The menu at Keren is very small in terms of traditional dishes, there are only a handful of either meat or veggie options. We also noticed a sizable Italian selection, including pasta and breaded chicken cotoletta
, which makes sense since Eritrea is a former Italian colony. We were also excited the Keren delved into some more unusual options. For example, there were a wide selection of breakfast options featuring Ful (mashed fava beans) and Silsi (a traditional tomato-based sauce). We ordered the beef tibs and the veggie sampler (lentils, chickpeas, cabbage, spinach and potato dishes) to share among ourselves.

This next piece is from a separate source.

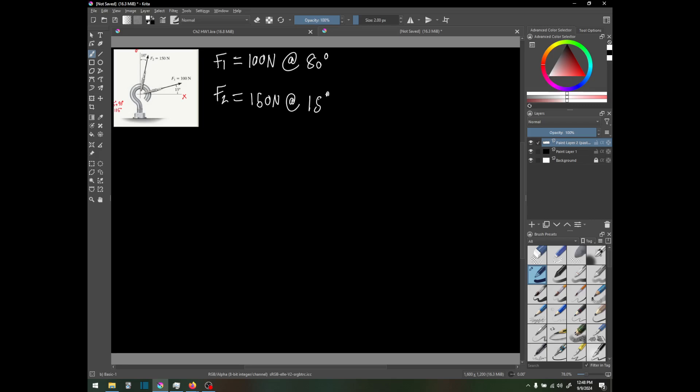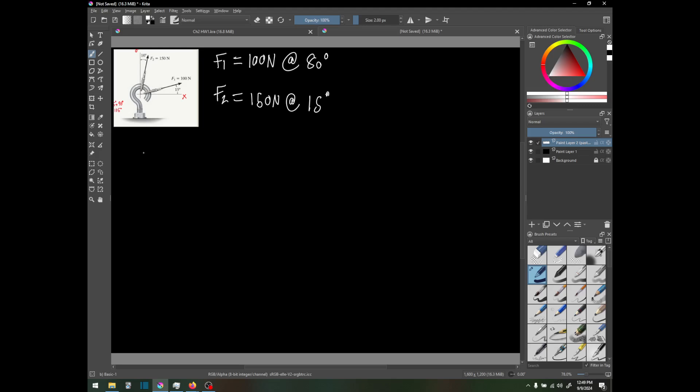Now we know the forces and angles. We have to apply the law of cosines, which is r squared equals F1 squared plus F2 squared.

We were pleasantly surprised that each entree was less than $10, which is far lower than most comparable restaurants. In addition to the injera, we got an order of traditional Eritrean unleavened wheat flat bread called Kitcha,
which we had not seen on any other menus. Kitcha was definitely denser and more pita-like than injera and we have to admit it was much easier to eat with the injera since it was much more flexible.
We enjoyed all of the choices we sampled: the sauces were rich and flavorful (not too spicy), and there was definitely something to satisfy both meat-lovers and vegetarians. We finished up the night with an Eritrean coffee (it was billed as a coffee shop after all), which was very similar to the Ethiopian coffees we had tried previously. We highly recommend Keren as an awesome place to get delicious, low-key Eritrean food, with no pretense, and at great prices.